Breniac quick start guide

Breniac is the VSC’s Tier-1 cluster.

Breniac login infrastructure

Direct login using SSH is possible to all login infrastructure.

Note

Only users involced in an active Tier-1 project have access to the infrastructure.

Two types of login nodes are available:

  • a classic login node, i.e., SSH access.

    • login1-tier1.hpc.kuleuven.be

    • login2-tier1.hpc.kuleuven.be

  • a login node that provides a desktop environment that can be used for, e.g., visualization, see the NX clients section:

    • nx-tier1.hpc.kuleuven.be

      Warning

      This node should not be accessed using terminal SSH, it serves only as a gateway to the actual login nodes your NX sessions will be running on.

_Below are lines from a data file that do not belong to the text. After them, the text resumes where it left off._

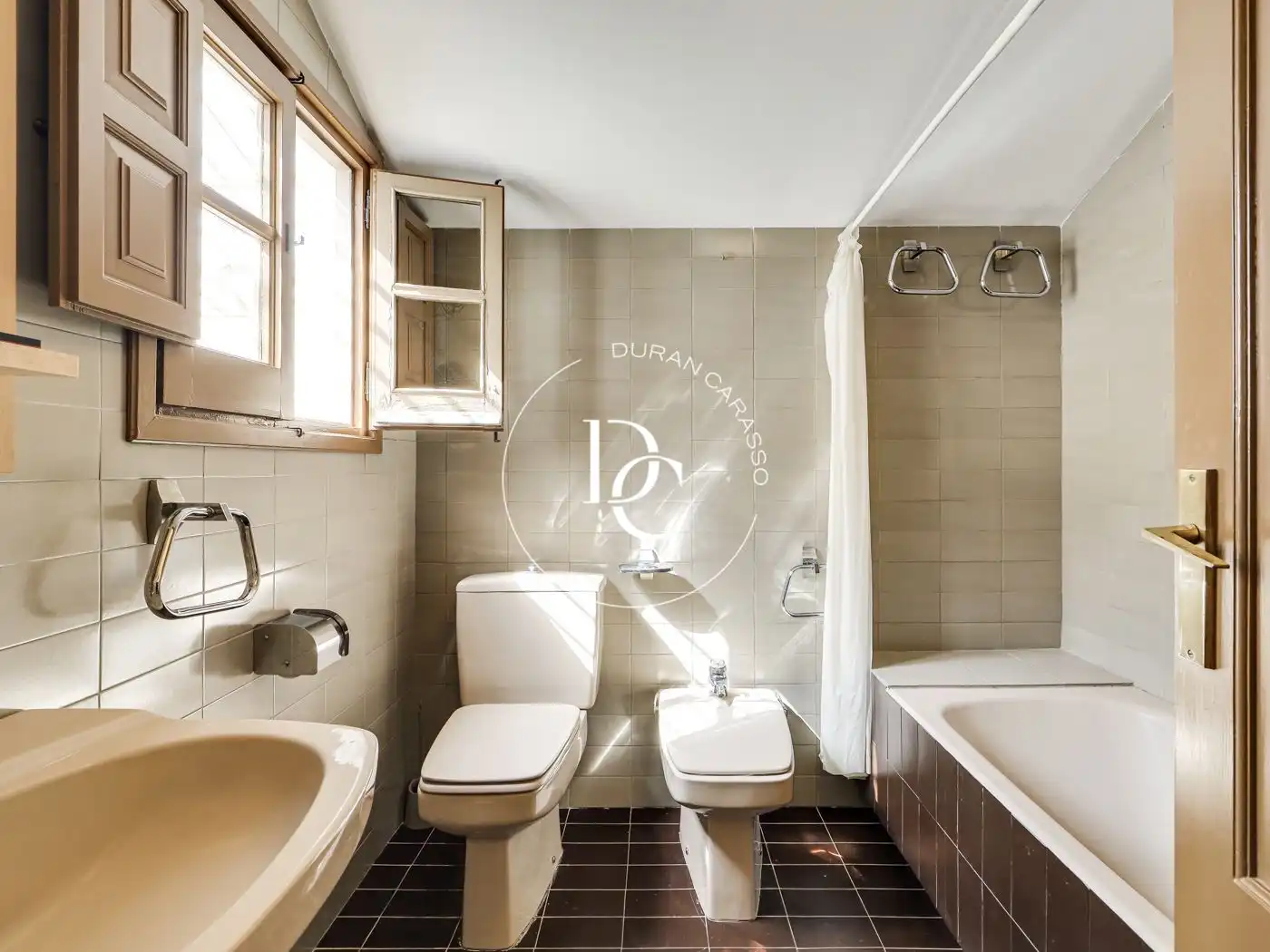 Baño de Finca rústica en venta en Font-rubí con Calefacción, Jardín privado y Terraza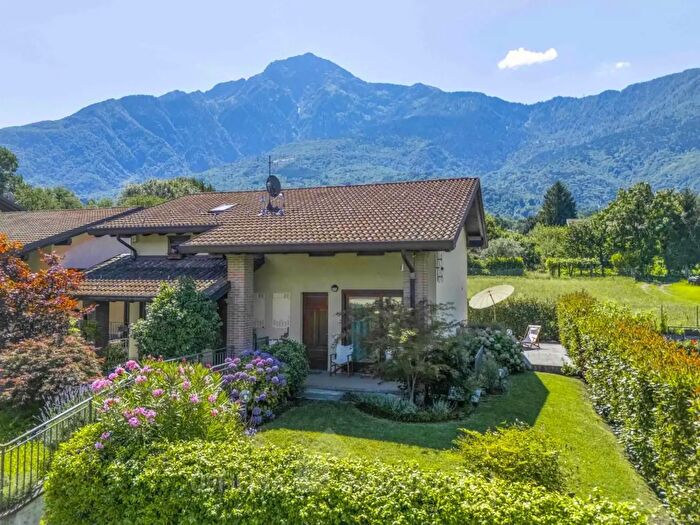 Casa trilocale in vendita in Via Famiglia Molinari, Colico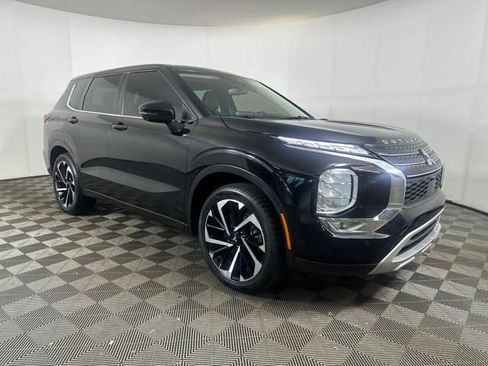 Used 2022 Mitsubishi Outlander SE image 2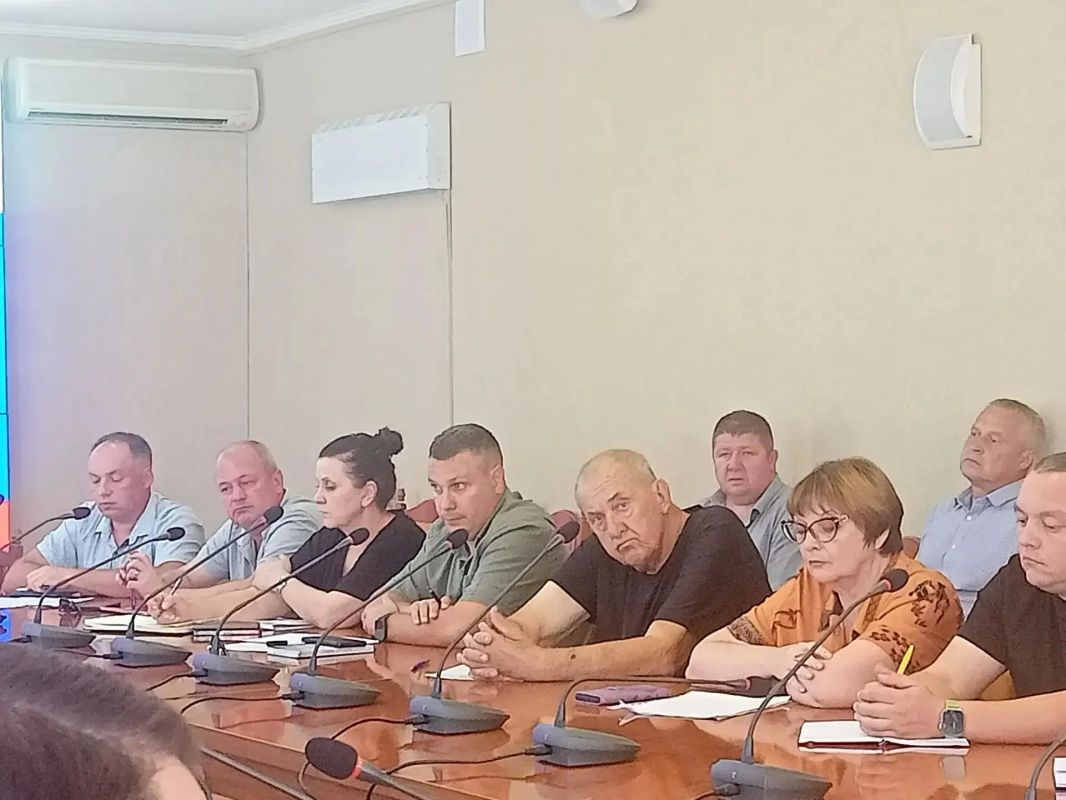 В Администрации города обсудили ход подготовки к осенне-зимнему периоду В Администрации города обсудили ход подготовки к осенне-зимнему периоду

      The NX login node will start a session on a login node that has a GPU, i.e., login2-tier1.hpc.kuleuven.be.

Building/using software

Since Breniac has two types of architectures, some care needs to be taken when building software, or selecting software to run. The newer skylake CPUs support the AVX-512 instruction set, which improves vectorization considerably. Both skylake and broadwell nodes support AVX2.

Computationally intensive software is best compiled with architecture-specific optimizations. The software stack typically has versions optimized for the two architectures, and the appropriate packages for an architecture are the default on nodes with that architecture.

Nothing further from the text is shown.